L’obiettivo strategico di ogni azienda, si sa, è il contenimento dei costi di produzione.

Certo, la redditività di una stalla  può aumentare agendo anche sul fronte dei ricavi, ma in minima parte e, comunque, sono poche le leve che si controllano direttamente.

E’ il versante dei costi che va analizzato e affrontato.

Tra le voci più importanti c’è quella dei costi legati alla sanità della mandria.

Importante in termini assoluti, ma anche perché, tra un’azienda e l’altra, l’incidenza del costo farmaci sul litro di latte prodotto varia e anche significativamente.

Con una precisazione importante: parliamo di farmaci per curare, non di vaccini per prevenire.

Ci sono aziende che spendono anche il doppio o il triplo di altre.

Questa, paradossalmente, è una buona notizia per chi spende di più. Anzi, ottima.

Ottima perché significa che, per questo non trascurabile gruppo, i margini di recupero della redditività sono più ampi.

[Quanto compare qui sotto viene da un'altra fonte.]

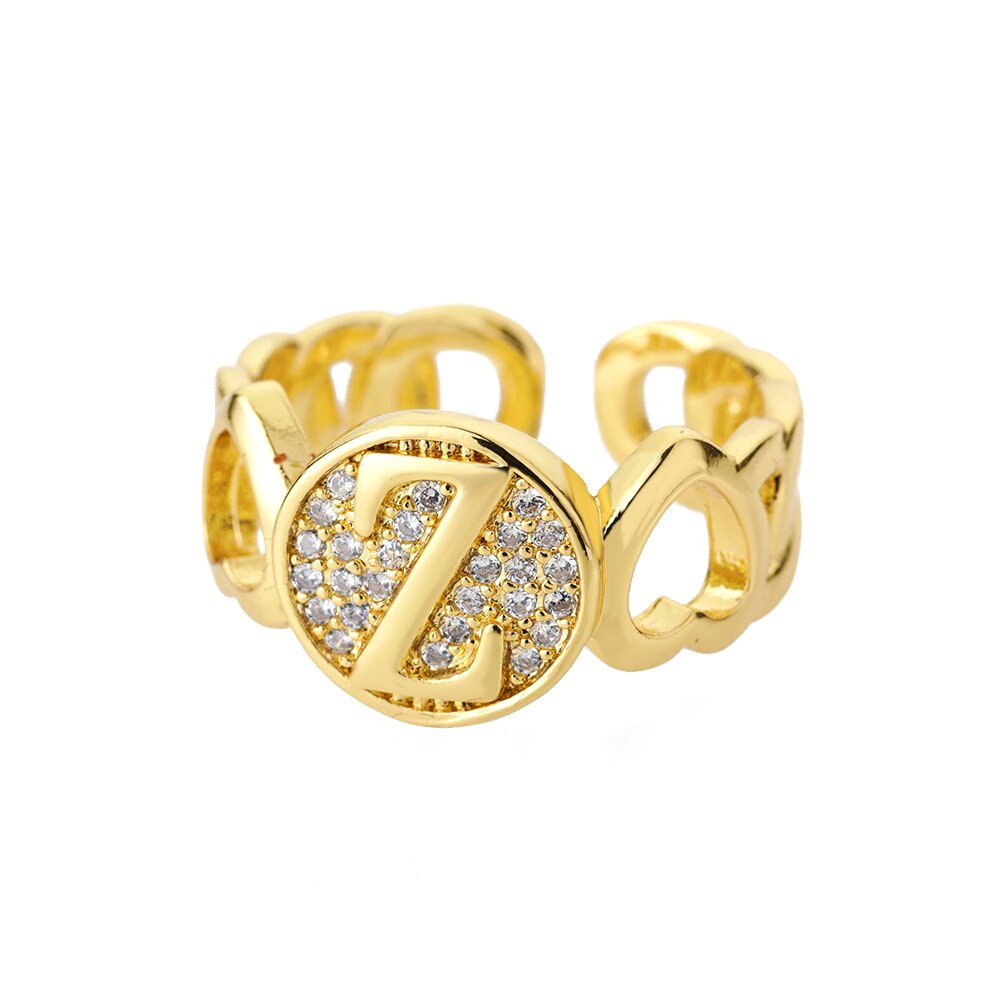Bague Initiale Famille z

Come l’archeologo che da una traccia ripercorre a ritroso un itinerario storico e arriva a scoprire il tesoro, così coloro che hanno un’alta spesa per farmaci per rimediare a un problema sanitario hanno una traccia ben definita del percorso di miglioramento che dovranno intraprendere.

Ogni trattamento fatto è – per chi vuole e sa leggerlo – un messaggio esplicito che la bovina o la stessa mandria manda all’allevatore su una carenza.

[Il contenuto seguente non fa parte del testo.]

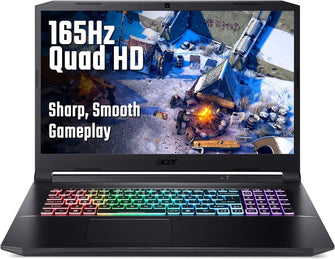 Buy Acer,Acer Nitro 5 (AN517-54) - 17.3 Inch - 512GB SSD - 16GB - Intel Core i7-11800H -  NVIDIA GeForce RTX 3060 - QHD 165Hz - Gaming Laptop - Black - Gadcet UK | UK | London | Scotland | Wales| Ireland | Near Me | Cheap | Pay In 3 | Laptops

Carenza energetica, carenza di strutture, carenza di igiene, e così via.

Per fare qualche esempio, ricavato da una chiacchierata con un allevatore. Se il trattamento con flebo di calcio post parto è sistematico e non episodico forse è il caso di riflettere un po’ su come è gestito il razionamento in asciutta. Se i trattamenti per le mastiti fanno sanguinare il bilancio il messaggio è quello di investigare meglio la gestione dell’asciutta, l’igiene delle lettiere, le prassi di mungitura.

E avanti di questo passo, gli esempi sono tanti.

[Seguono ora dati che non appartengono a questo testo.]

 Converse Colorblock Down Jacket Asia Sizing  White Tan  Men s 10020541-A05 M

Ogni problema clinico che si presenta non è soltanto una situazione da sistemare con un trattamento, ma un invito esplicito ad andare più a fondo seguendo la traccia che il caso clinico offre. Tanto più se i casi sono tanti, se alcune problematiche sono maggiori di altre, se quello che la stalla spende in farmaci è molto di più di quello che spendono i virtuosi.

Ovviamente serve anche una contabilità rigorosa, non solo di quanto si spende, ma di quando, come, perché e dove si spende per curare, possibilmente con possibilità di raffronti complessivi e per settori (c’è chi lo fa anche per figlie di questo o quel toro, per scegliere anche su questo versante).

Certo, sono cifre, ma raccontano tanto di come gira la stalla.

Una mandria più sana, dove la spesa per farmaci complessiva è sempre più spostata verso la prevenzione rispetto alla cura, è anche una stalla che fa più latte, che ha meno problemi ed è anche più sostenibile.

Poi, ben venga un aumento del prezzo del latte, se e quando arriva. Nel frattempo passare nella categoria dei virtuosi equivale di fatto a farselo da soli l’aumento, senza aspettare.